Your output must match the data word for word, with every line included.
Top of THE INPUT
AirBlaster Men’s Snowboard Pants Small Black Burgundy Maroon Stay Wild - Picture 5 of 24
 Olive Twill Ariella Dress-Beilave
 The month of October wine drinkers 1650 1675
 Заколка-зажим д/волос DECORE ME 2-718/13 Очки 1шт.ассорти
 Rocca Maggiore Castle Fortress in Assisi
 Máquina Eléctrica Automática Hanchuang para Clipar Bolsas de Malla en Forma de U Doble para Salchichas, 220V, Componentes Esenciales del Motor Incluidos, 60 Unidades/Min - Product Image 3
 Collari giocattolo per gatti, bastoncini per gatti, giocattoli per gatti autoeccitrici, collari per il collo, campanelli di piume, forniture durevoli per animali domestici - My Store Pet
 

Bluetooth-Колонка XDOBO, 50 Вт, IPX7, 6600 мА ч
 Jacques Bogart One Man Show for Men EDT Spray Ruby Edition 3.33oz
Bottom of THE INPUT
EXPECTED ANSWER:
AirBlaster Men’s Snowboard Pants Small Black Burgundy Maroon Stay Wild - Picture 5 of 24
 Olive Twill Ariella Dress-Beilave
 The month of October wine drinkers 1650 1675
 Заколка-зажим д/волос DECORE ME 2-718/13 Очки 1шт.ассорти
 Rocca Maggiore Castle Fortress in Assisi
 Máquina Eléctrica Automática Hanchuang para Clipar Bolsas de Malla en Forma de U Doble para Salchichas, 220V, Componentes Esenciales del Motor Incluidos, 60 Unidades/Min - Product Image 3
 Collari giocattolo per gatti, bastoncini per gatti, giocattoli per gatti autoeccitrici, collari per il collo, campanelli di piume, forniture durevoli per animali domestici - My Store Pet
 

Bluetooth-Колонка XDOBO, 50 Вт, IPX7, 6600 мА ч
 Jacques Bogart One Man Show for Men EDT Spray Ruby Edition 3.33oz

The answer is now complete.